Weighing costs in choosing cancer care
By LAURAN NEERGAARD
You've just been diagnosed with cancer, and the doctor is discussing treatment options. Should the cost be a deciding factor? Chemotherapy costs are rising so dramatically that later this year, oncologists will get their first guidelines on how to have a straight talk with patients about the affordability of treatment choices, a topic too often sidestepped.
"These are awkward discussions," says Dr. Allen Lichter of the American Society of Clinical Oncology, which is writing the guidelines. "At least we can bring this out in the open."
It's a particular issue for patients whose cancer can't be cured but who are seeking both the longest possible survival and the best quality of life — and may be acutely aware that gaining precious months could mean bankrupting their families.

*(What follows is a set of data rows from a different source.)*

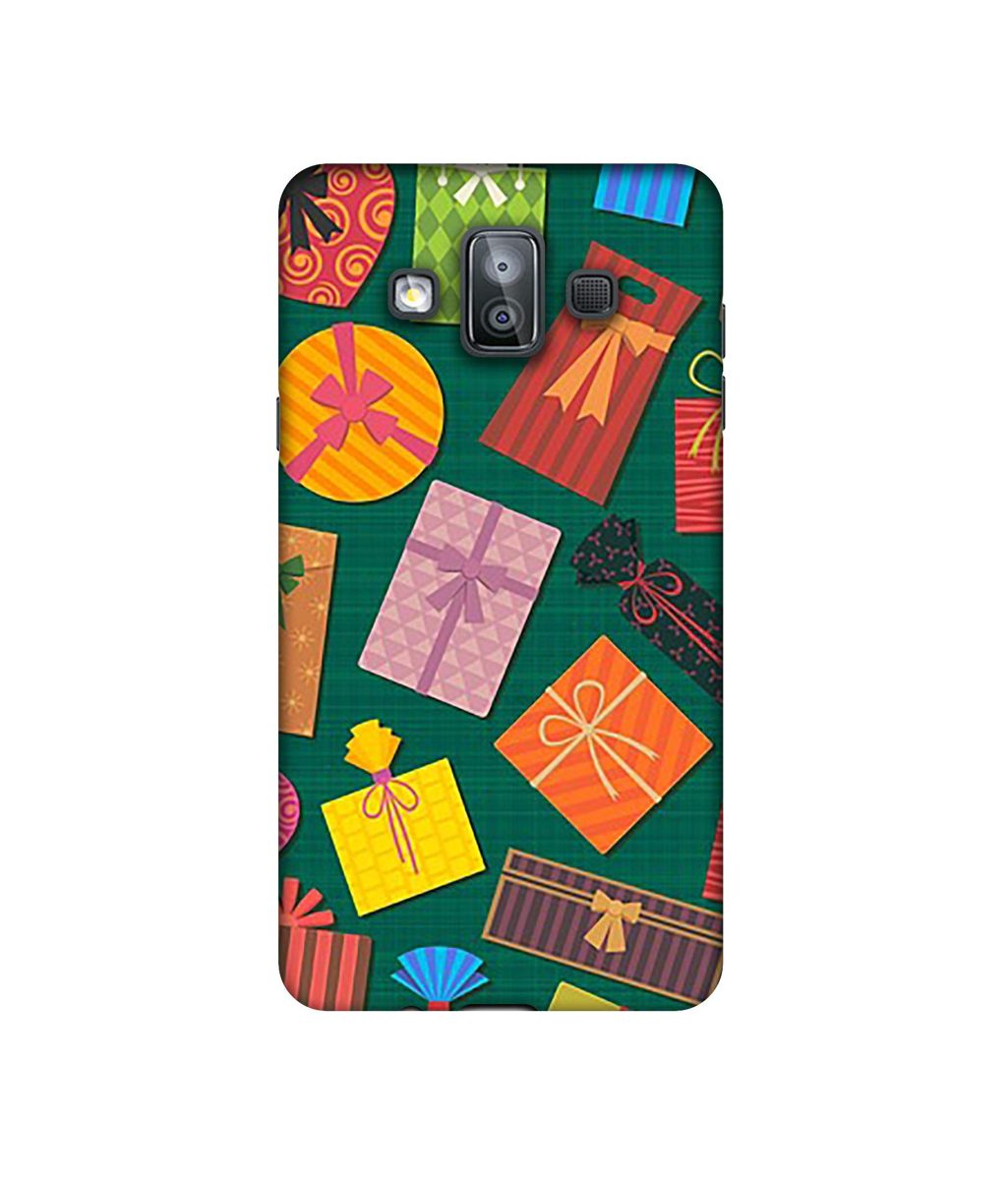 Amazon Brand - Solimo Designer Envelope Pattern 3D Printed Hard Back Case Mobile Cover for Samsung Galaxy J7 Duo
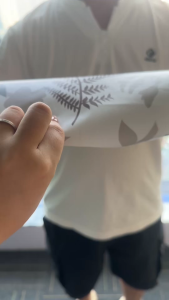 Various colors Wall Wallpaper 9m x 45cm Wallpaper Sticker for Home for Bedroom Decor Living Room Sticker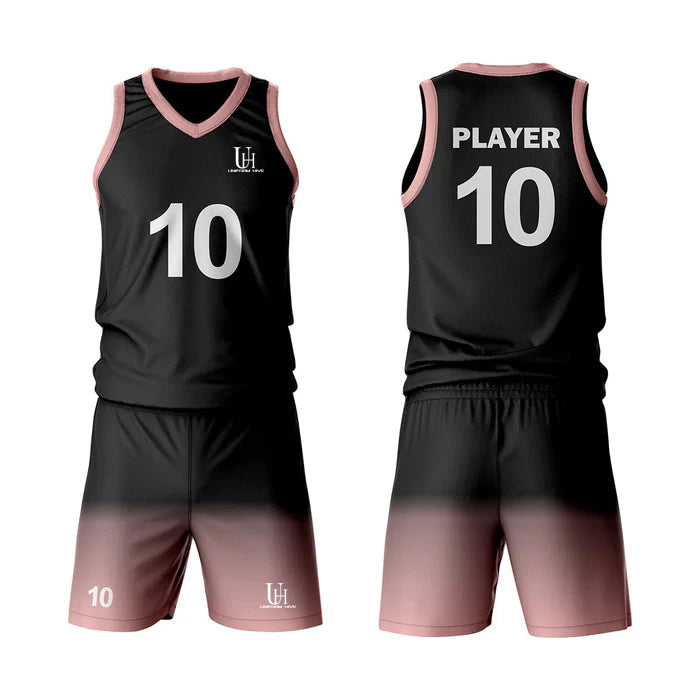 Custom Lacrosse Uniform – Premium Jersey and Shorts for Competitive Field Teams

The prices can be staggering. Consider: There are two equally effective options to battle metastatic colon cancer, the kind spreading through the body — but one costs $60,000 more than the other, says Dr. Leonard Saltz of Memorial Sloan-Kettering Cancer Center.
What's the difference? The cheaper one, irinotecan, causes hair loss that makes it impossible for people trying to keep a job to hide their cancer treatment, he explains. The pricier oxaliplatin can cause nerve damage in hands and feet that might make it a worse option for, say, a musician or computer worker.
Saltz offers a tougher example: A drug for pancreatic cancer — an especially deadly cancer with few treatment options — can cost $4,000 a month. Yet while Tarceva has offered some people remarkable help, research suggests that extra survival on average is a few weeks.
"Is it a good investment, a high-risk investment, or buying a lottery ticket?" is how Saltz puts these choices.
Drug prices are a growing issue for every disease, especially for people who are uninsured. But cancer sticker shock is hitting hard now, as a list of more advanced biotech drugs have made treatment rounds costing $100,000, or even more, no longer a rarity. Also, patients are living longer, good news but meaning they need treatment for longer periods. The cost of cancer care is rising 15 percent a year, Lichter notes.
Make no mistake: Some of these newer drugs have greatly helped some patients — Gleevec, for example, has revolutionized care for a type of leukemia — and the prices reflect manufacturers' years of research and development investment.
Also, drug companies do donate a certain amount of medication to prescription-assistance programs that provide them for free to patients who otherwise couldn't pay. Since 2005, nearly 5 million people — cancer patients and people with other diseases — have been matched to such programs through the drug industry's "Partnership for Prescription Assistance."
But few patients get a Gleevec-style home run, and there's very little research that directly compares competing treatments to guide cancer patients on which might offer the best shot at survival for the money.
"As long as a therapy provides a benefit, it will tend to be offered to patients. Whether it's a small benefit or a moderate benefit, it may be offered with the same level of enthusiasm," says Dr. Neal J. Meropol of Philadelphia's Fox Chase Cancer Center, who is leading the panel writing ASCO's new guideline on how to weigh treatment costs.
The idea: treat cost essentially as another side effect to weigh in choosing a therapy. Meropol has watched patients do those calculations on their own, like the colon cancer patient who asked to switch from oral chemo to cheaper but more laborious intravenous chemo, or the woman who refused a pricey anti-nausea drug that would make her chemo more bearable.
Even if doctors want to discuss cost, they may not know it — it's not included in treatment standards. At a meeting of the standard-setting National Comprehensive Care Network earlier this month, Sloan-Kettering's Saltz and other doctors urged adding chemo prices to those treatment guidelines.
"If there's a need to spend it, let's talk about it. If we can do it just as well less expensively, I think doctors should know that and be able to make a decision," Saltz says.
Even the well-insured are feeling the bite as patients are having to shoulder a higher portion of the bill.
When Medicare began its Part D prescription coverage, retiree Helen Geiger of Whiting, N.J., paid for a premium plan and put it to good use when she was diagnosed with multiple myeloma, a blood cancer. She said the plan listed the cost of her dose of Thalomid at $5,500 a month but her copay was $60 a month.
In renewing the prescription plan last year, the 71-year-old Geiger didn't notice that Thalomid coverage had been changed. It now was classified a specialty drug, costing a $1,051 monthly copay that she couldn't afford. She went several months without the anti-cancer pills, as her doctors at Philadelphia's Fox Chase Cancer Center and her family appealed to the insurer and then scoured charities in hopes of finding her free or cheaper drug.
"You don't need this kind of stress when you're sick," says Geiger, who finally stumbled onto a prescription assistance program that provided her free medicine.